Please note that this is a logarithmic scale; every vertical division to the right makes the word is ten times more common, two divisions make it 100 times more common, etc.


If you want to see a standalone image at full resolution, it's hosted here.

The diagonal black line shows the overall trend: the Scripps National Spelling Bee winning words have become more and more unusual as the years pass.

As noted above, this is a logarithmic scale, and thus there cannot be a zero value. (It's a math thing.) Words without bars at all did not appear at all in the Google Ngram Viewer for that year.

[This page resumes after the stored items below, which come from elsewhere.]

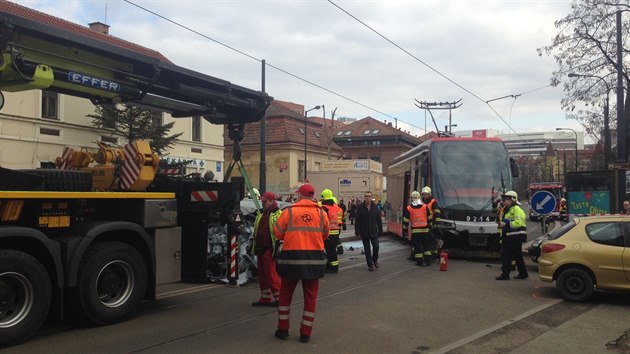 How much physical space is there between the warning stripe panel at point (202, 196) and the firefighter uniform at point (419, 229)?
593 cm

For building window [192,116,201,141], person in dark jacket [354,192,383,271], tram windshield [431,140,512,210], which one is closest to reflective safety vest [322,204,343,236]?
person in dark jacket [354,192,383,271]

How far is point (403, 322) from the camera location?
7.04 meters

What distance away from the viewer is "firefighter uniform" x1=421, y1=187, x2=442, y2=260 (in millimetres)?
13133

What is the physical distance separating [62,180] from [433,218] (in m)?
9.07

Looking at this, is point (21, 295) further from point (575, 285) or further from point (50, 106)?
point (50, 106)

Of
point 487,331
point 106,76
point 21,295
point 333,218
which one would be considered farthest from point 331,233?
point 21,295

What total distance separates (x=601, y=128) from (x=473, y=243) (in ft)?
68.7

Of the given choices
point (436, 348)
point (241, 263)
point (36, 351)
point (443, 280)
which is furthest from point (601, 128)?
point (36, 351)

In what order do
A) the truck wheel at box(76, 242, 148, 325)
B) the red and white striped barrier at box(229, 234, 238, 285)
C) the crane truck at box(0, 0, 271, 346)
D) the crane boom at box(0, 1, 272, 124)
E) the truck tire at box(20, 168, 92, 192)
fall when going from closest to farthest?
the crane boom at box(0, 1, 272, 124) < the crane truck at box(0, 0, 271, 346) < the truck tire at box(20, 168, 92, 192) < the truck wheel at box(76, 242, 148, 325) < the red and white striped barrier at box(229, 234, 238, 285)

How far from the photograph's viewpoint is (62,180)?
21.1 feet

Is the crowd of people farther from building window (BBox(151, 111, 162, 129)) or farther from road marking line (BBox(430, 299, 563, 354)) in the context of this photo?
building window (BBox(151, 111, 162, 129))

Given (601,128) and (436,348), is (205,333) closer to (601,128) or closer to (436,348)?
(436,348)

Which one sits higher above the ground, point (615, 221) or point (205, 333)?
point (615, 221)

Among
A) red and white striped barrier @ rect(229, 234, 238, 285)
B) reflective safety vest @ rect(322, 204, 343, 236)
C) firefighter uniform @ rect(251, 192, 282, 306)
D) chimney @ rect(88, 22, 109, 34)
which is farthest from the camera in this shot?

According to Google, this means the word appeared fewer than 40 times in their corpus for that year.

The only word in this list that does not appear in the Google Ngram Viewer for any year is esquamulose, the winning word of 1962. It is an adjective meaning "not covered in scales".

The list of winning words was from Wikipedia; for more information about the Scripps National Spelling Bee, see the Wikipedia page or their home page.

EDIT: There was a discussion on Reddit's Data Is Beautiful forum about this graph.

No smoothing was used in the Google Ngram Viewer, in order to get the most accurate results. The Google Ngram Viewer only goes to 2008 at present, which is why the graph stops there; the winning words since then were Laodicean, stromuhr, cymotrichous, guetapens and knaidel.